What is an inner product space?

An inner product space is a vector space V (over R or C) equipped with an inner product <.,.> that is linear in one argument, conjugate-symmetric (in complex spaces), and positive-definite. The inner product induces a norm ||v|| = sqrt(<v,v>), giving lengths and angles via cos theta = <u,v>/(||u|| ||v||) for nonzero vectors.

What is an orthonormal basis and why is it useful?

An orthonormal basis is a set {u1,...,uk} with <ui,uj> = 0 for i≠j and <ui,ui> = 1. It makes coordinates simple: the coefficient of v along ui is <v, ui>, and the projection of v onto the span is sum_i <v, ui> ui.

How do you compute the projection of a vector onto a subspace?
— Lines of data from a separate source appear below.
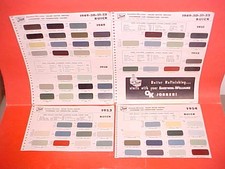 1949 1950 1951 1952 1953 1954 Buick Roadmaster Super Special Paint Chips Sw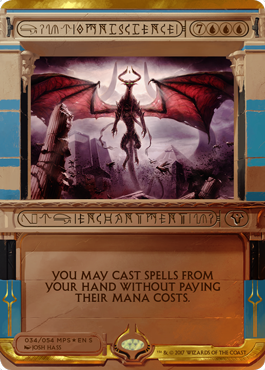 Omniscience (Amonkhet Invocations) Near Mint Foil
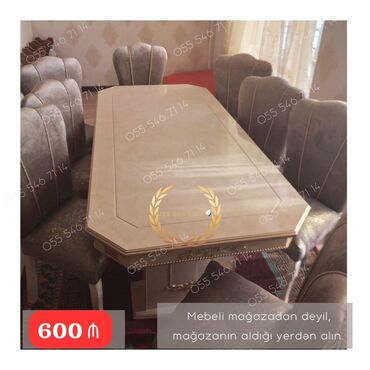 кухонные стулья: Qonaq otağı üçün, Yeni, 6 stul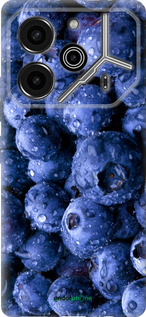 Силиконовый чехол Голубика для Tecno Pova 6 Pro - 4459u-3689 изображение 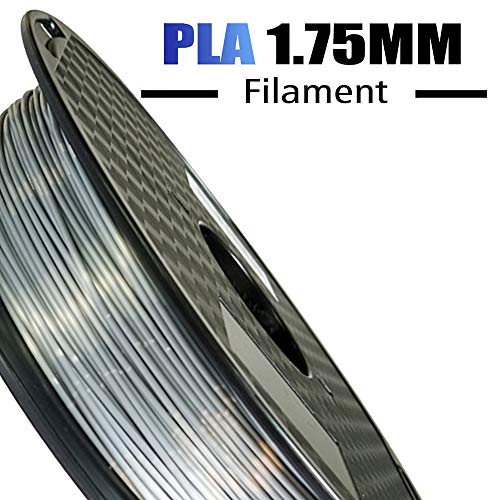 Kehuashina PLA filament 1,75 mm za 3D pisač i olovke - Silk Silver -0,5 kg/1,1lb kalem - 3D pribor za pisač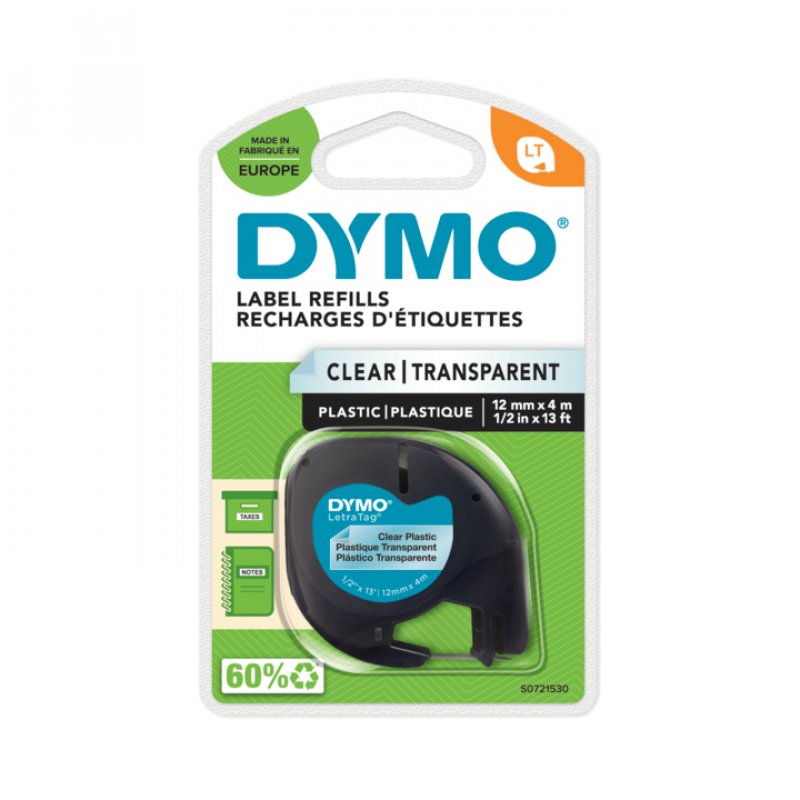 DYMO Étiquettes en plastique  LetraTag - 12 mm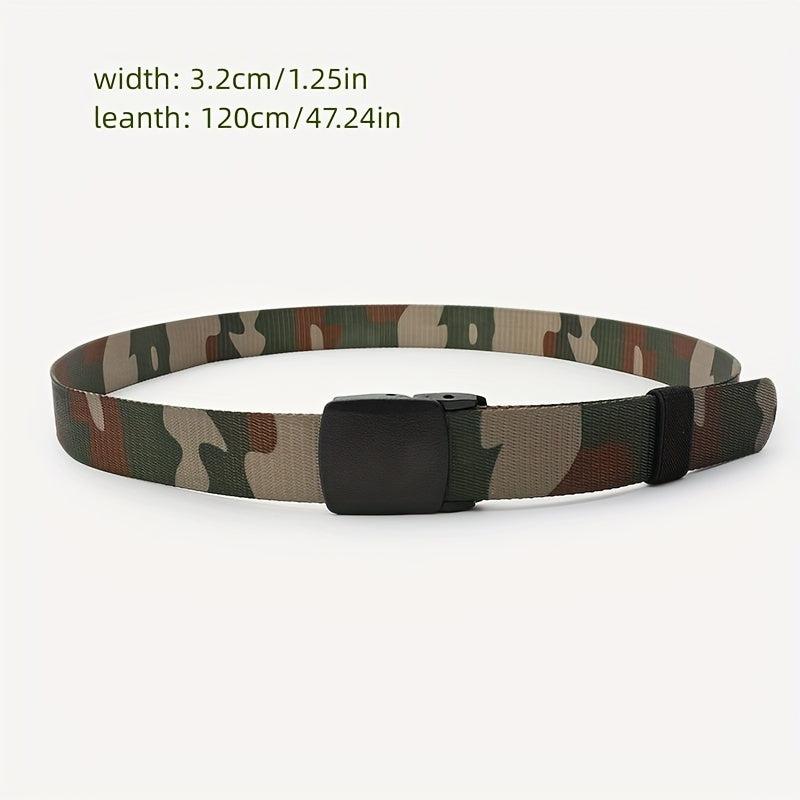 Breathable Nylon Military Tactical Belt No Metal Buckle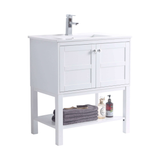 Fine Fixtures Brooklyn Vanity & Sink 30" Wide - Satin White - OPBR30WH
If {ui} is an orthonormal basis for the subspace, proj_W(v) = sum_i <v, ui> ui. If the basis isn’t orthonormal, first orthonormalize it (Gram-Schmidt) or use the general least-squares formula proj_W(v) = U (U^T U)^{-1} U^T v, with U consisting of basis vectors as columns.

What is the Cauchy–Schwarz inequality?

For all u,v in an inner product space, |<u,v>| ≤ ||u|| ||v||. Equality holds exactly when u and v are linearly dependent.